Given data START

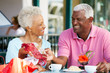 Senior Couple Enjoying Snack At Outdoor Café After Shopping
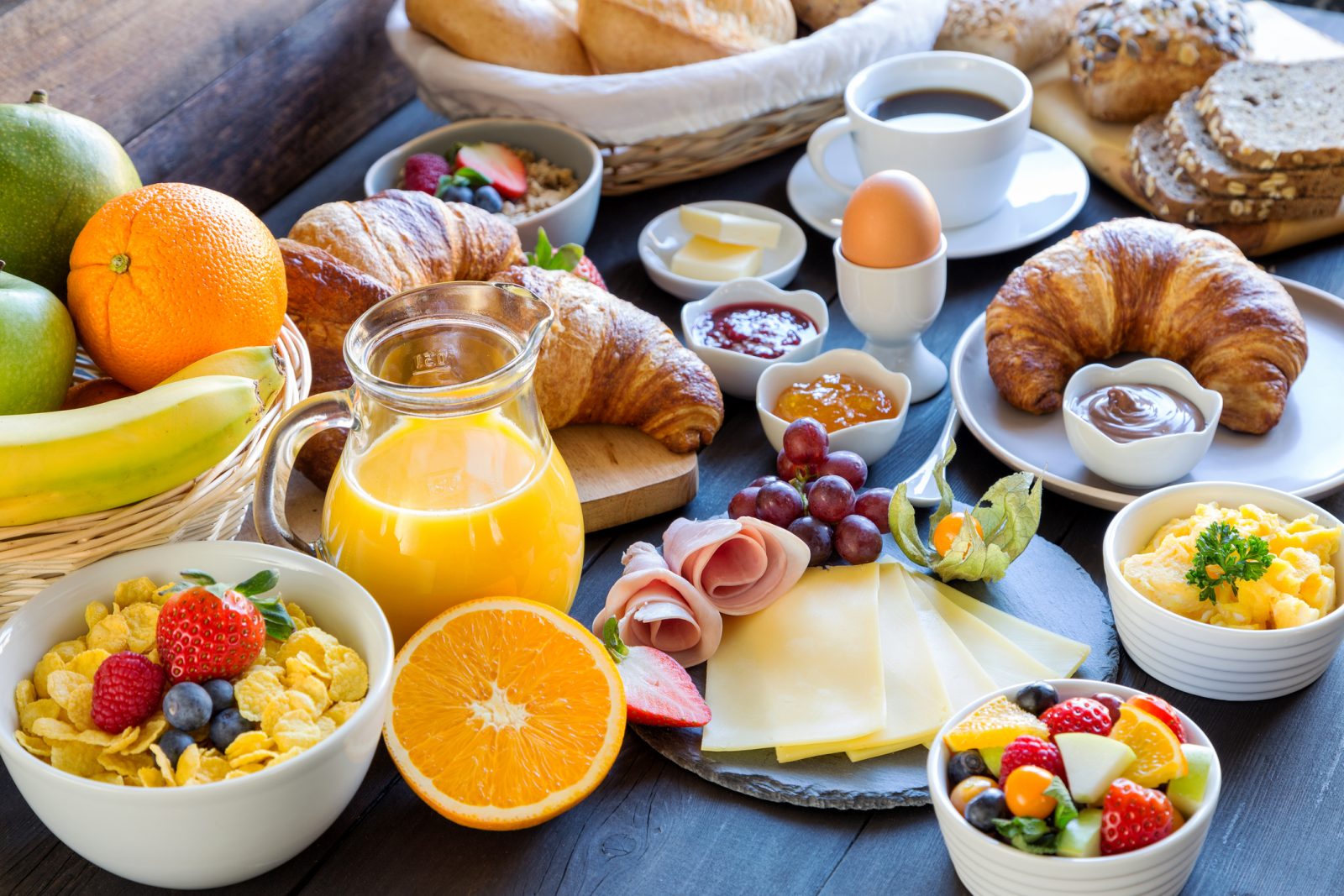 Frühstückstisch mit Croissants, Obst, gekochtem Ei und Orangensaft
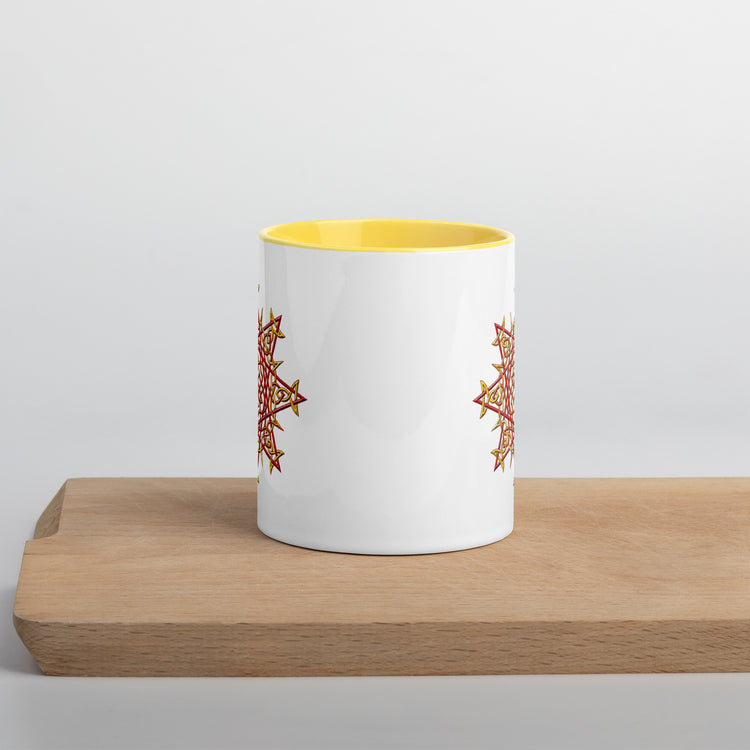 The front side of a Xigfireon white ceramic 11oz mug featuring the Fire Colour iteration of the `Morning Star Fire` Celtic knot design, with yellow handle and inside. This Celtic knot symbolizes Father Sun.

Given data END

» Try it
Word-for-word transcription: the whole listing, with images excluded.

» Expected answer
 Senior Couple Enjoying Snack At Outdoor Café After Shopping
 Frühstückstisch mit Croissants, Obst, gekochtem Ei und Orangensaft
 The front side of a Xigfireon white ceramic 11oz mug featuring the Fire Colour iteration of the `Morning Star Fire` Celtic knot design, with yellow handle and inside. This Celtic knot symbolizes Father Sun.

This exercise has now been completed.